The children's great texts of the Bible
John 13:15
Our Great Example
I have given you an example. John 13:15.
Our text today is one of Christ's sayings. He said it to His disciples the last evening He was on earth, just before they all had their last meal together.
You remember that Last Supper. It was held in a large upper room lent by Christ's friends. In the room was a table on which the supper, was set. There were also a number of couches for the guests. At an Eastern feast, you see, they did not sit on chairs as we do, they reclined on couches. But besides these pieces of furniture there were a pitcher of water, a basin, and a towel. These were specially important, for before a meal what seems to us an unusual performance was gone through. All the guests had their feet bathed. This was absolutely necessary for their comfort, because the people wore no shoes in the house and only sandals out-of-doors, and the sandy roads of Palestine were both hot and dusty. So the custom was that when the guests arrived a servant poured cool water over their tired feet and wiped them with a towel. Christ and His disciples were poor and had no servant to perform this office for them, but one of the disciples was supposed to do it instead.
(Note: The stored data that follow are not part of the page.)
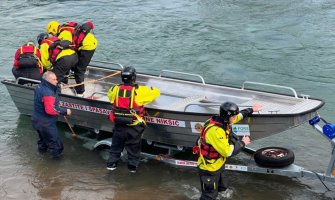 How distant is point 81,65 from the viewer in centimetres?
836

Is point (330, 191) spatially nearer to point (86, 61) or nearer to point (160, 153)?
point (160, 153)

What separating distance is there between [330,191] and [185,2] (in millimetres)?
15050

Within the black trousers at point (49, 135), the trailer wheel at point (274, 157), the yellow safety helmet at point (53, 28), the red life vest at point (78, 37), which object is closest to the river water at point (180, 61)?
the black trousers at point (49, 135)

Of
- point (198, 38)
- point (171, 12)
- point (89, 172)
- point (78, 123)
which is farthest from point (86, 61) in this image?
point (171, 12)

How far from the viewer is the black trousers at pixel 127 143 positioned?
667 centimetres

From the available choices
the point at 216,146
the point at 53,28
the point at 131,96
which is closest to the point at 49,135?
the point at 131,96

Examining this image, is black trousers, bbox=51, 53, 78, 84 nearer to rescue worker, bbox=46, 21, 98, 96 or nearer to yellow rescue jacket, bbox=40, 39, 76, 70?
yellow rescue jacket, bbox=40, 39, 76, 70

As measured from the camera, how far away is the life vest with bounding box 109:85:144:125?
6496mm

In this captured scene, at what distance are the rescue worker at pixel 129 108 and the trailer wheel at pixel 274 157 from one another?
1686 mm

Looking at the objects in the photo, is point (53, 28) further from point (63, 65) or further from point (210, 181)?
point (210, 181)

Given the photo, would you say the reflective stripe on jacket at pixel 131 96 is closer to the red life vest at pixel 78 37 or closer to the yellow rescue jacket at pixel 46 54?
the yellow rescue jacket at pixel 46 54

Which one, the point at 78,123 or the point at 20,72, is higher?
the point at 20,72

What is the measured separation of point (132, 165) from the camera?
691 cm

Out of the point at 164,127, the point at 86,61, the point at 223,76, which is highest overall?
the point at 86,61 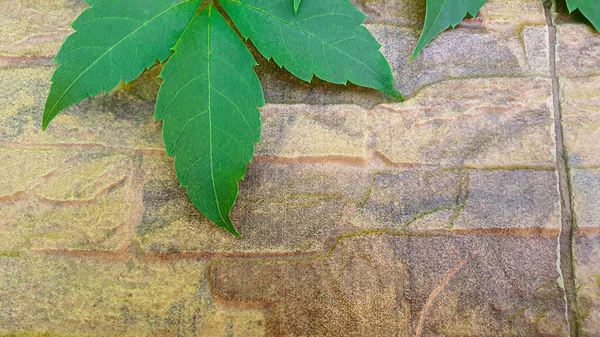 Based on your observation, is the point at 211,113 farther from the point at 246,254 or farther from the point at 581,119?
the point at 581,119

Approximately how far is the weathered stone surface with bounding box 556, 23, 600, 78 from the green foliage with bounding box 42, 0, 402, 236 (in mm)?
403

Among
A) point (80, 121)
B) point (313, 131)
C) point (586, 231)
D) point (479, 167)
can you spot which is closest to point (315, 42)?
point (313, 131)

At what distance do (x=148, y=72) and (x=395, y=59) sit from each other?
1.78ft

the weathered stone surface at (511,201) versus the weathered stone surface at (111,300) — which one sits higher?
the weathered stone surface at (511,201)

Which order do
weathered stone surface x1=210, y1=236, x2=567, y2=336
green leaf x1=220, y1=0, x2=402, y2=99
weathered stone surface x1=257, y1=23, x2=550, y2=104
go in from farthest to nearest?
weathered stone surface x1=257, y1=23, x2=550, y2=104 < green leaf x1=220, y1=0, x2=402, y2=99 < weathered stone surface x1=210, y1=236, x2=567, y2=336

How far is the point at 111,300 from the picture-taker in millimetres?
928

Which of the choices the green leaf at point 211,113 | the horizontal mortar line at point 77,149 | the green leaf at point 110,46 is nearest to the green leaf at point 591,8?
the green leaf at point 211,113

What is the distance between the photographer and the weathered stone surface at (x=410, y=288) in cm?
90

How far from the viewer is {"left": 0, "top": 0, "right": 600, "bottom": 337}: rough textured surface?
0.92m

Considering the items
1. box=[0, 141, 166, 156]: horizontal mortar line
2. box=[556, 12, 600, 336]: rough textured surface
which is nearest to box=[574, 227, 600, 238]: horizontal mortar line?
box=[556, 12, 600, 336]: rough textured surface

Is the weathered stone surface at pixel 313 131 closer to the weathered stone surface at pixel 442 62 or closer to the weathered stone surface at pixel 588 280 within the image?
the weathered stone surface at pixel 442 62

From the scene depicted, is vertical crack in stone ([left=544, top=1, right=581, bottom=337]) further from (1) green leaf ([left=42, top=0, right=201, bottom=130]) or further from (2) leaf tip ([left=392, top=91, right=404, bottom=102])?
(1) green leaf ([left=42, top=0, right=201, bottom=130])

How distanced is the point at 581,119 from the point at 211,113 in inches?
29.6

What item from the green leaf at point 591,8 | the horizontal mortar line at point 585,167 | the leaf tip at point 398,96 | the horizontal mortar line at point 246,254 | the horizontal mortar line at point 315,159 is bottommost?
the horizontal mortar line at point 246,254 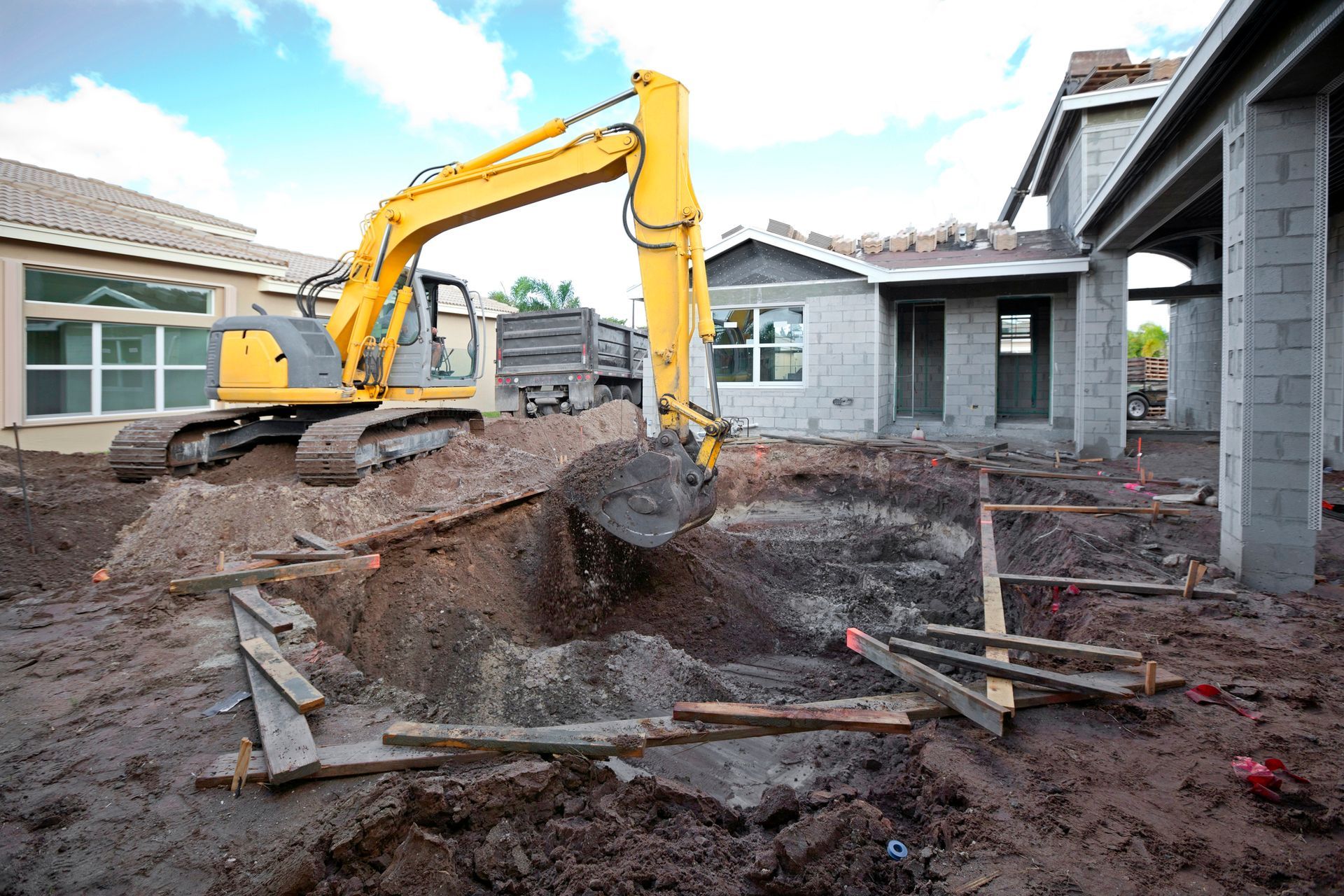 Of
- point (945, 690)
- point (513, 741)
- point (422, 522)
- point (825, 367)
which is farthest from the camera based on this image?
point (825, 367)

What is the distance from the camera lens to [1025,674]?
3330 millimetres

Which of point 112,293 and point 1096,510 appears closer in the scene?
point 1096,510

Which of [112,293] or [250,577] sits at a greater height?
[112,293]

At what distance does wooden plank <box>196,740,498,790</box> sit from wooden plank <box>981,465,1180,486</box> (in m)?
7.99

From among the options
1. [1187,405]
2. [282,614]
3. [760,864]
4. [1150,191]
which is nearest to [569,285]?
[1187,405]

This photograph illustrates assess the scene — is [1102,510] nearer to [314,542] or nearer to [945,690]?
[945,690]

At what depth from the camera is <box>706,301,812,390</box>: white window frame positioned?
44.1ft

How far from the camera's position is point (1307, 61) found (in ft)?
14.0

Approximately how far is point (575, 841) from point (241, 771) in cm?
129

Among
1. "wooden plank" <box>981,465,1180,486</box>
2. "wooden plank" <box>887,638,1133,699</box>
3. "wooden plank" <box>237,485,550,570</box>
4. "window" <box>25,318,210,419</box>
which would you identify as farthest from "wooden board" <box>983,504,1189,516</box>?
"window" <box>25,318,210,419</box>

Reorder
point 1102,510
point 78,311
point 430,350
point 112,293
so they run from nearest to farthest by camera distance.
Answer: point 1102,510 → point 430,350 → point 78,311 → point 112,293

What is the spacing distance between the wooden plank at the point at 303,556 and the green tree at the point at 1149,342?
3901cm

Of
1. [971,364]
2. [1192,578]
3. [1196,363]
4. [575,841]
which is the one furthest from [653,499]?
[1196,363]

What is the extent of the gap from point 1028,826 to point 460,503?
588 cm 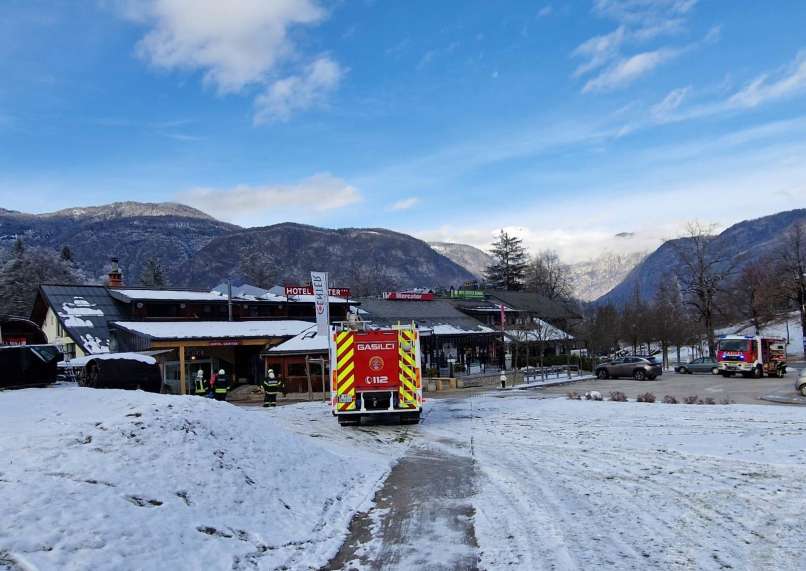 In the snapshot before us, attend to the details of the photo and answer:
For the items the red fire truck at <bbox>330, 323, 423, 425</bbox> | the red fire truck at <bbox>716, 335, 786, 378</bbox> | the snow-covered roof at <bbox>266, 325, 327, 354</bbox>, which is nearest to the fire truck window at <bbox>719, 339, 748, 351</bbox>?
the red fire truck at <bbox>716, 335, 786, 378</bbox>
On this last evening of Christ's life, however, the disciples had been quarrelling as to which of them was the greatest and they had got so hot over it that they hustled into the room like a lot of great sulking schoolboys. They threw themselves down on their couches and looked at the table, looked at the ceiling, looked at the floor, looked anywhere but at the pitcher and basin and towel that were crying out to be used. They knew quite well that it was the duty of one to bathe the feet of the others, but they were all equally determined not to be that one. They thought that he who would condescend to do such a lowly service would at once be acknowledging himself inferior, so they just sat down and gloomed and said nothing.
Neither did Christ say anything; but He did something. He did a most surprising thing. He took a look at their faces and He took a look at their hearts for He saw all that was going on there and then He rose and, casting aside His robes, took the pitcher and the basin and the towel, and, one after another, He washed the feet of those sullen, angry men. Can't you guess how they must have felt when their Lord and Master the Lord and Master of heaven and earth stooped to do for them a servant's duty? In one moment the angry passion must have left each heart, and burning shame must have filled it.
We know that Peter, who was always the spokesman, did protest, and that he drew up his feet on the couch, and refused to let Christ serve him. But Christ insisted that Peter also should have his feet bathed.
He bathed the feet of all, even those of Judas, who that very night was to betray Him for the price of a slave.
Then Christ put on His robes again and sat down, and looking on their shamed faces said gently, “Do you know why I, your Lord and Master, have done this? It is because I want you to do likewise. I have given you an example, and I want you to think of it and copy it when I am gone. I want you to learn that true greatness consists in serving others, and that the greatest among you is the one who is readiest to serve his brethren!”
Now, when Christ said He had given us an example to copy, He did not mean that we were actually to take a pitcher and a basin and a towel and go round washing the feet of others. Emperors and Popes and Archbishops have done that and are still doing it every year on Holy Thursday or Maundy Thursday as we call it the day before Good Friday. I am sure you will all have heard of Maundy money or Maundy pennies, the little silver pieces that our own King gives to deserving poor people on that day. He gives them money now instead of washing their feet, for the last English sovereign to carry out the ceremony of feet washing was James II.
To wash the feet of beggars or poor people that is one way of copying Christ's example. It is copying it in the letter. But that is not the way Christ meant us to copy it when He said, “I have given you an example.” He meant us to imitate the spirit in which the deed was done. He meant us to learn that he who is really greatest is he who is readiest to cast aside his pride and serve his fellowmen.
Boys and girls, you are good at imitating. Why not imitate the Highest? Why not copy Christ? The world still thinks it difficult to copy Christ's example; but those who know Christ know that it is easy for two reasons.
The first is that Christ showed the way. Christ gave the pattern. You know how much easier it is to do a sum if the teacher has worked one like it on the blackboard. If you have only written directions it seems almost impossible, but with the example before your eyes it is quite another matter.
The second reason is that love helps us. If we love Christ and if we love our fellow-men we feel that we can never do enough to serve them. Love makes service joy.
It is told of the famous French artist, Gustave Dore, that, while he was painting the face of Christ in one of his pictures, a lady came into his studio. Her gaze fell on the face and she stood transfixed, so wonderful was it. The artist watched her anxiously meanwhile. “Why do you look at me like that, M. Dore?” she asked. “I wanted to see what you thought of that face,” was the reply. “You do like it don't you?” “Yes, I do,” said the lady. “And I'll tell you what I think. I think that you couldn't paint such a face of
Christ unless you loved Him.” “Unless I loved Him!” exclaimed Dore . “Ah! Madame, I trust I do, and that most sincerely but as I love Him more I shall paint Him better.”
That artist knew the secret of service. He knew that the more we love the better we serve.